CNC (Request for Emergency Guardianship Order)
[2020] TASGAB 10
•23 March 2020
CITATION: | CNC (Request for Emergency Guardianship Order) [2020] TASGAB 10 |
HEARING DATE(S): | 23 March 2020 |
DATE OF ORDERS: | 23 March 2020 |
DATE OF STATEMENT OF REASONS: | 16 April 2020 |
BOARD: | Ms R Holder, President |
APPLICATION: | Emergency Guardianship Order |
CATCHWORDS: | Emergency Guardianship Order - lack of urgency – capacity – need - dismissal of application |
LEGISLATION CITED: | Guardianship and Administration Act 1995 (Tas), ss6, 20, 65 |
PUBLICATION RESTRICTION: | The decision has been anonymised for the purpose of publication |
Statement of Reasons
Background
On 23 March 2020, the Guardianship and Administration Board (‘the Board’) dismissed an Application for an Emergency Guardianship Order for CNC, the Proposed Represented Person (‘PRP’).
A request for a Statement of Reasons has been received from LXQ (‘the Applicant’), dated 7 April 2020.
Legislation
Part 8, section 65 of the Guardianship and Administration Act 1995 (‘the Act’) gives the Board the power to make orders if urgent circumstances exist, providing the Board is satisfied there may be grounds for making an order. Section 65 provides:
(1)Where the Board considers it proper to do so by reason of urgency, the Board may in respect of a represented person make any order or give any direction considered appropriate in the circumstances.

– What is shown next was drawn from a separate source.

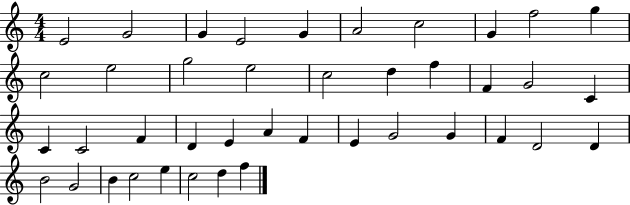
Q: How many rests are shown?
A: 0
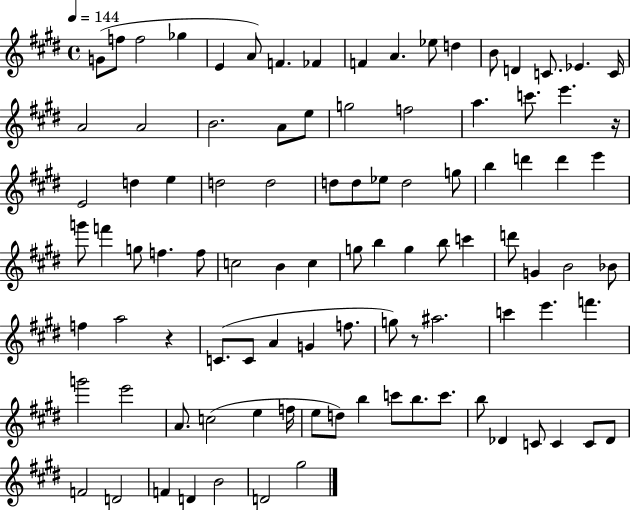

(2)Where the Board considers it proper to do so, by reason of urgency, the Board may, in respect of a person who is not a represented person but in respect of whom the Board considers that there may be grounds for making a guardianship order or an administration order make an order appointing –
(a)the Public Guardian as his or her guardian; or
(b)the Public Trustee as administrator of his or her estate –
and in either case the Board may make any order or give any direction considered appropriate in the circumstances.
…..
(4) In the exercise of its powers under this section –
(c)the Board is not required to give notice to any person or to hold a hearing before making an order but the Board must make such inquiries or investigations as the Board may think appropriate; and
(d)the Board may act on a request made, or information received, by telephone or any other means that the Board considers appropriate in the circumstances; and
(e)…
(4A) The powers and functions of the Board under this section may be exercised and performed by one or 3 members of the Board as may be determined in each case by the President.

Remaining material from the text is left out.